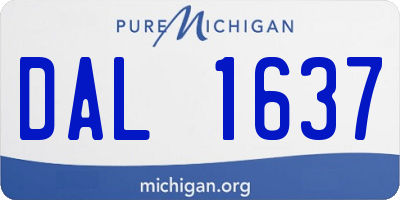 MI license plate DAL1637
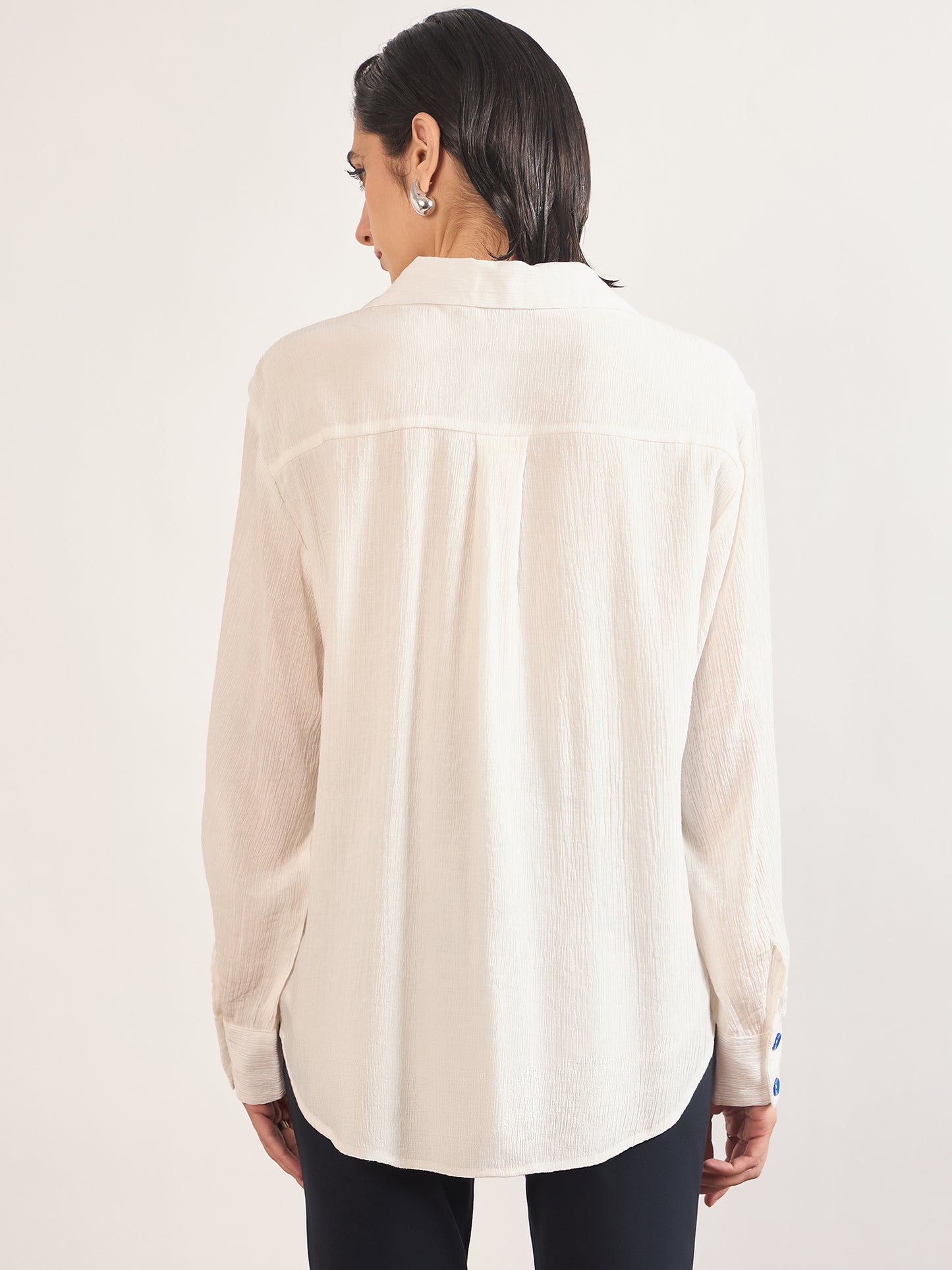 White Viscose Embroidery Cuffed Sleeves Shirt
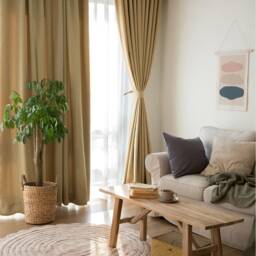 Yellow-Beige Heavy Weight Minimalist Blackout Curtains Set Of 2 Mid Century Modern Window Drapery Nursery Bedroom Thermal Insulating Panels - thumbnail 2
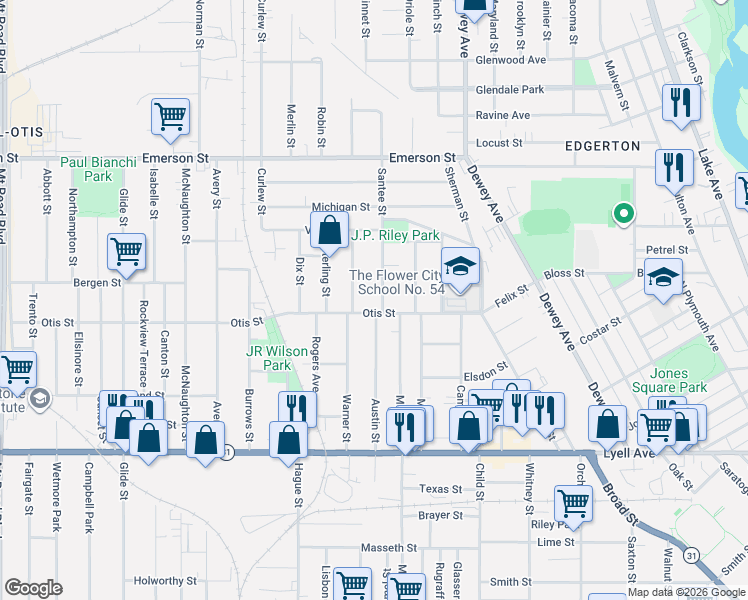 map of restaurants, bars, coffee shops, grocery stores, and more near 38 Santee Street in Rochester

_ _ _

Assigned task: Exact reproduction is required. Output only the lines from the one with "Yellow-Beige Heavy Weight" through the end of the listing above, both ends included, and no pictures.

Answer to this task:
 Yellow-Beige Heavy Weight Minimalist Blackout Curtains Set Of 2 Mid Century Modern Window Drapery Nursery Bedroom Thermal Insulating Panels - thumbnail 2
 map of restaurants, bars, coffee shops, grocery stores, and more near 38 Santee Street in Rochester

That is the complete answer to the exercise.